If the Issa/Ross Postal Reform Bill is signed into law, the Office of Personnel Management and the Department of Labor face minimal risk that the Postal Service will not pay them. For the Office of Personnel Management and the Department of Labor this is a good bill, as they will likely get 100% of what the law now states they are owned regardless of what happens to the Postal Service and postal market once the obligations to them are paid.
The Issa/Ross Postal Reform bill does not leave the Federal government as a creditor off the hook. By expanding the Postal Service's borrowing authority by $10 billion, the bill increases the risk facing the Department of the Treasury. Given the losses and cash needs of the Postal Service, by 2020, the Department of the Treasury will then hold $25 billion in Postal Service debt with no clear indication as to whether demand for Postal Service's products will give it the revenue needed to pay off that debt.
By increasing the debt held by the Department of the Treasury, the Issa/Ross Postal Reform bill creates a conflict between two of the largest creditors (i.e. the Office of Personnel Management and the Department of Labor) and other large creditor, the Department of the Treasury.

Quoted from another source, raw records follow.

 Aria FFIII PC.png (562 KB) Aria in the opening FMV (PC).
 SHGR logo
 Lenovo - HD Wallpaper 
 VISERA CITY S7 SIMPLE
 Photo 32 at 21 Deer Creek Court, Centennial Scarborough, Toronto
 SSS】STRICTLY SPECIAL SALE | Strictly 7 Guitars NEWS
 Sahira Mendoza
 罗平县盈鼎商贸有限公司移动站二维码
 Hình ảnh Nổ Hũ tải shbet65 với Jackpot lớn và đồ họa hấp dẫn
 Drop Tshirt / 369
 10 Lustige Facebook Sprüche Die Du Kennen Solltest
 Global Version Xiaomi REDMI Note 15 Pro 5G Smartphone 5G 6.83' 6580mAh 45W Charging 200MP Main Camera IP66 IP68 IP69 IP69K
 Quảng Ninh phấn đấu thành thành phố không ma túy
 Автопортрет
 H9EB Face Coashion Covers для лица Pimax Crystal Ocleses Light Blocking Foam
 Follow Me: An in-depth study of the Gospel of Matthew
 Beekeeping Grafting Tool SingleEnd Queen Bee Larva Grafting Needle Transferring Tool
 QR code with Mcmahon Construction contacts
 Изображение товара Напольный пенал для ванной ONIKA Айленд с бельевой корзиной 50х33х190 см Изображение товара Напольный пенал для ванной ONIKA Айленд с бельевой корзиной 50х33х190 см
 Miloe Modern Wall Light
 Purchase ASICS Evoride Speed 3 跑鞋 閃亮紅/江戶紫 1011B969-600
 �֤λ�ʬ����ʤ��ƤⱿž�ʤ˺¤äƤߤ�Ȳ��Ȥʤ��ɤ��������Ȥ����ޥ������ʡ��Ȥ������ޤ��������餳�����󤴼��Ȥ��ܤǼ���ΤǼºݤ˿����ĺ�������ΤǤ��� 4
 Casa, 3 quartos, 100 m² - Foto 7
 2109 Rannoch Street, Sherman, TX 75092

This bill should force the Department of Treasury to become more involved in postal reform policy as repayment of Postal Service debt requires either a business plan that creates a financially viable Postal Service or a plan to liquidate assets as the delivery and other services of the Postal Service are wound down over time.
By focusing on meeting the needs of two of the creditors, the Issa/Ross downplays the federal government's ownership role as it relates to the Postal Service. By ignoring the ownership role, the bill has little interest in maintaining the value of the enterprise so that it can thrive as either a government entity or private corporation.
Finally, the Issa/Ross develops postal policy that takes the Postal Service in a different direction than nearly every other government has taken then national postal operator. In most of the world, the national postal operators have been put on a path involving corporatization and eventually privatization. In these countries, the goal is to ensure that there is a postal operator that can operate as a viable business that can attract private debt and possibly equity investors as the best way to develop the digital and physical communications delivery infrastructure as well as a parcel delivery infrastructure necessary for the growth of on-line and mobile retail sales.
Instead, the Issa/Ross bill takes the Postal Service in the opposite direction. Over time the Postal Service will increasingly look more like any other United States government entity and less like the businesses that handle other parts of the print and parcel delivery supply chains or the enterprises that run the national posts outside of the United States.